**Work task**
Write out, word for word, every line in the data below from the one containing "10362 Jones Creek Rd, Dittmer, MO 63023" to the one containing "and Free Shipping）", both of them included.

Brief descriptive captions
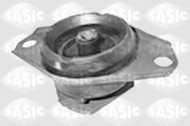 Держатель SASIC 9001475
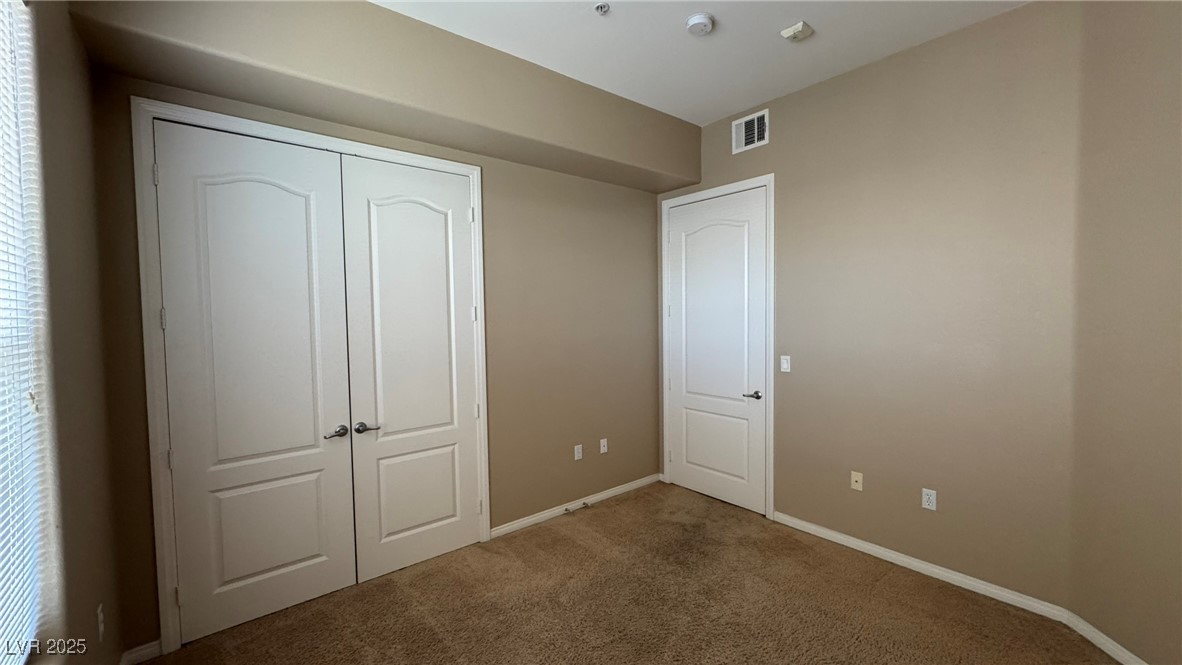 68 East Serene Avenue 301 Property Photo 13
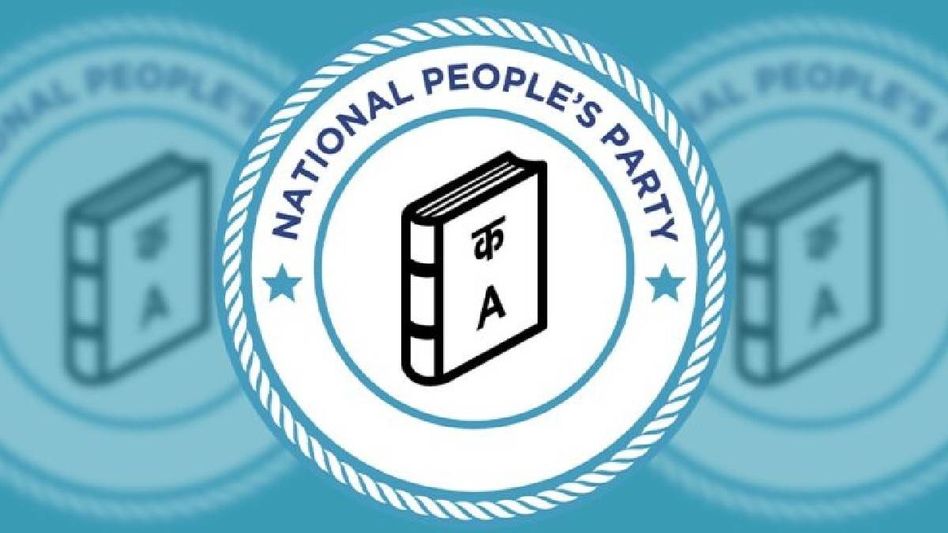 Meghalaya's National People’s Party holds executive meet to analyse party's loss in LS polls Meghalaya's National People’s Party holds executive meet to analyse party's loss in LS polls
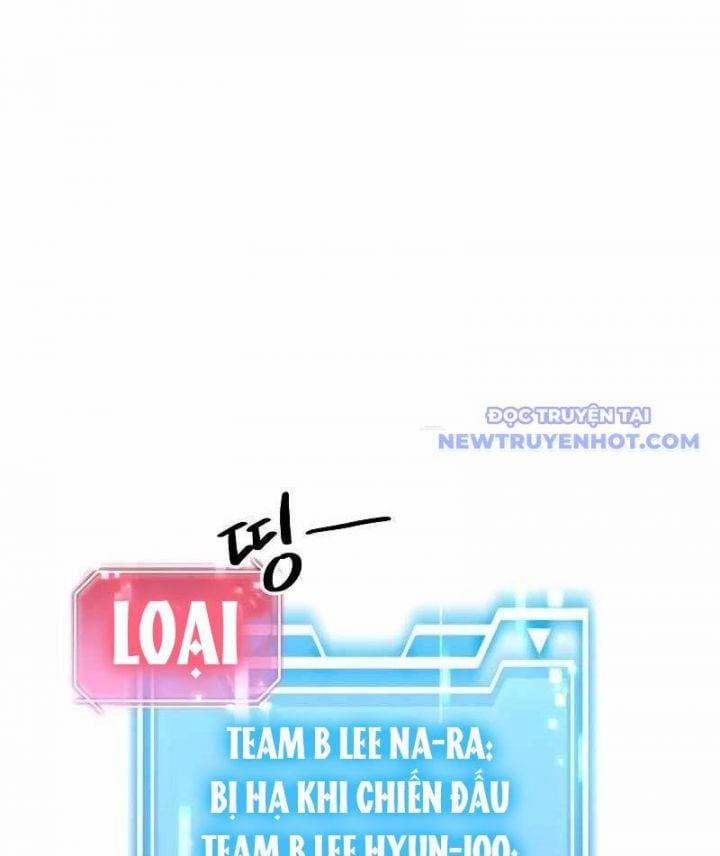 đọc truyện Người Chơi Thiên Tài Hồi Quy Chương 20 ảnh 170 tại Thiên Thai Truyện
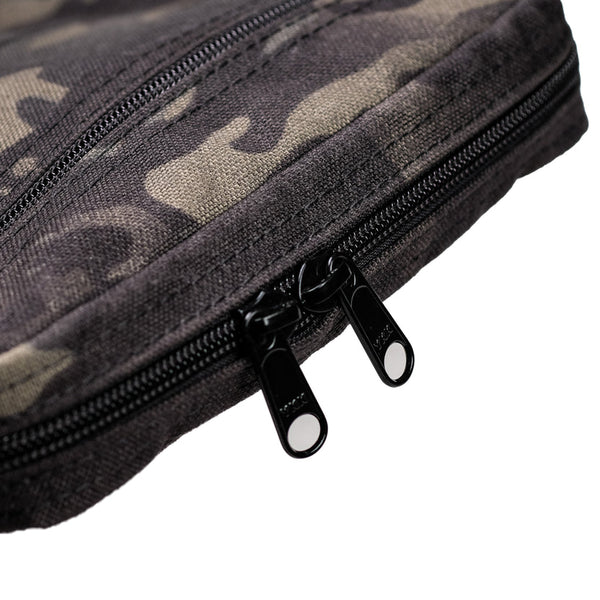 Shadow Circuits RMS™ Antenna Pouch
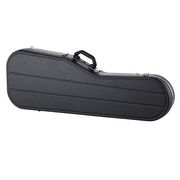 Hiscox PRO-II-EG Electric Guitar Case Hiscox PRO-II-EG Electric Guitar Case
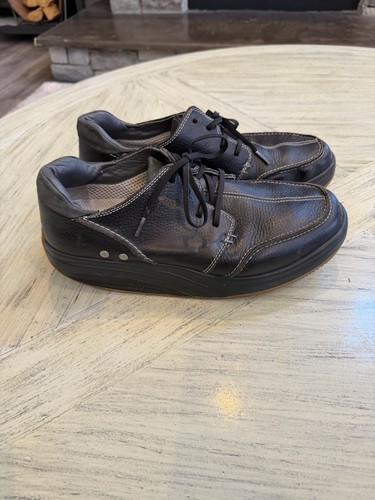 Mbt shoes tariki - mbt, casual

--

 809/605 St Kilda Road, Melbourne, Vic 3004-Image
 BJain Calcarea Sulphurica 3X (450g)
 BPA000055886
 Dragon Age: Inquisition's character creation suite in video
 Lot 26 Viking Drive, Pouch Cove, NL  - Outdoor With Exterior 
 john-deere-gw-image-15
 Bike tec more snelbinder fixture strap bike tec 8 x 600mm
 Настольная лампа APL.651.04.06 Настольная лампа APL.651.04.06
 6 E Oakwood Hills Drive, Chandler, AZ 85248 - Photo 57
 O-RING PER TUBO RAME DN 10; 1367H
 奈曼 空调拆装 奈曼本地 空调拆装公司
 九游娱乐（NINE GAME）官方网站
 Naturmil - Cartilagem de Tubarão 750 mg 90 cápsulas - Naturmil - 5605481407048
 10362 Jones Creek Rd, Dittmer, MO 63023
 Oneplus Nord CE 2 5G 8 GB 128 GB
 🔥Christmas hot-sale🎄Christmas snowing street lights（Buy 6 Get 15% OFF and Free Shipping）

**Response below**
 10362 Jones Creek Rd, Dittmer, MO 63023
 Oneplus Nord CE 2 5G 8 GB 128 GB
 🔥Christmas hot-sale🎄Christmas snowing street lights（Buy 6 Get 15% OFF and Free Shipping）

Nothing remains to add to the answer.